As we said five years ago in this post, “Its more formal and slightly less catchy name is Cloudwatch Events with a Scheduled Event Source and a Lambda Target… but we think “Lambda Cron” just rolls off the tongue a bit better.”
The current 2022 article seeks to revisit the aforementioned blog post and determine how “Lambda Cron” reliability may have changed over the past five years. Check out the 2017 post for more background on the purpose of this series.
The Experiment, Revisited
The setup for this experiment was mirrored as closely as possible to the 2017 test. This means that we deployed a scheduled invocation of a Lambda function that would log both the intended time of its invocation [which is provided within the “event” object the Lambda is invoked with] as well as the observed system time to a DynamoDB table. Unlike the 2017 test, this test ran only for 1 month (Jan 11 - Feb 12) as opposed to 4 months. Moreover, this test was configured such that provisioned concurrency was enabled for the Lambda function. Now, given that the function is being invoked every minute, this configuration should not impact results (the function should constantly be in a “warm” state.) However, this precaution was taken in order to remove all chances of cold-start delays impacting the results.

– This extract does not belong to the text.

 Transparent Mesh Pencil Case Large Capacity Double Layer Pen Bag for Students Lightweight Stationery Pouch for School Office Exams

As mentioned in the 2017 article, in the event that an execution is not logged for a given time interval, it is difficult to say whether or not it was in fact CloudWatch events that failed to trigger, as there are other variables in play such as issues with Lambda or DynamoDB. Because of this, the 2022 test does not concern itself with the likelihood of CloudWatch events failing to invoke the function. Rather, the results are analyzed here only with regard to the expected delay of the invocations.
2022 Execution Time Lag for Lambda Cron, rounded to nearest second, per region, by percentile, with maximum value included1
2017 results, rounded to nearest second, per region, by percentile
- Notice that the 99.9 and 99.99th percentiles for us-east-1 have improved tremendously. Whereas in 2017 the values were 585 and 2537 seconds, respectively, the 2022 results are 36 and 65 seconds, respectively.

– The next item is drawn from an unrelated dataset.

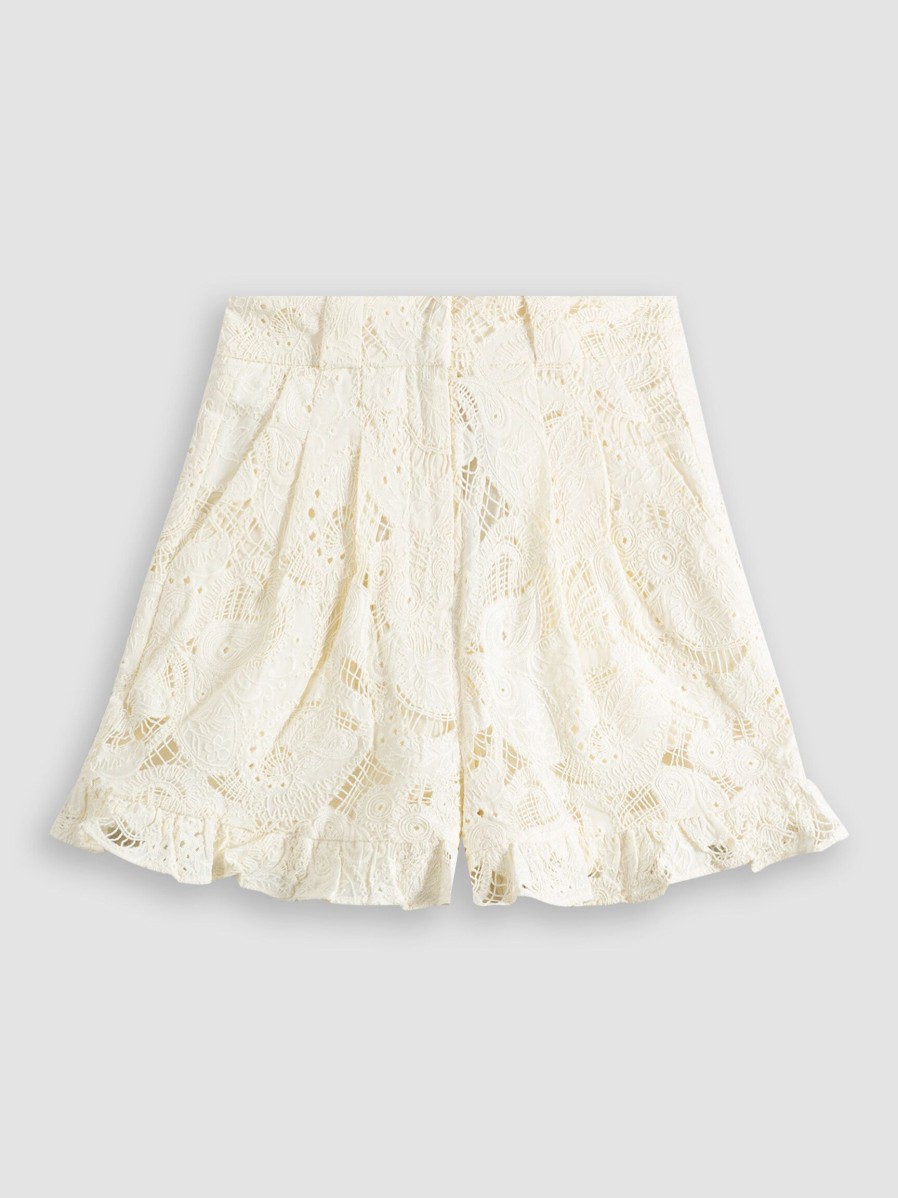 Women Hofmann Copenhagen Pants And Jumpsuits | Morgane, Organic Cotton Shorts With Embroidery Ecru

- For the most part, there has not been much change in the overall status of “Lambda Cron.” Namely, as seen by the column labeled “MAX”, it is still possible for delays to reach times in excess of half an hour.

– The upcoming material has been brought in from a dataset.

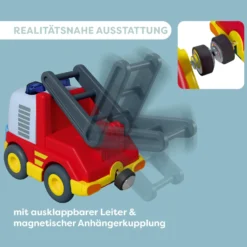 HABA Cars Feuerwehr-Spielset, mit 2 Autos, Hänger und Wasser-Kugel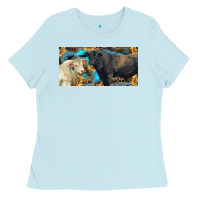 Charolais And Black Angus Bull With Sunflower And Leopard Ladies Tee | Teevron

Conclusion: Proceed with Caution
Depending on the use case, it is possible that the flaws seen within Lambda Cron will not be of any consequence. The service triggers Lambda roughly within a minute 99.9% of the time. If the occasional half-hour delay in execution is of no consequence, then all of these results should be of little concern. Naturally, given what the data show, Lambda Cron cannot be relied upon to always execute Lambda within seconds. Some executions will take longer than a minute to occur, so therefore systems relying upon Lambda Cron must be able to tolerate delays in Lambda execution.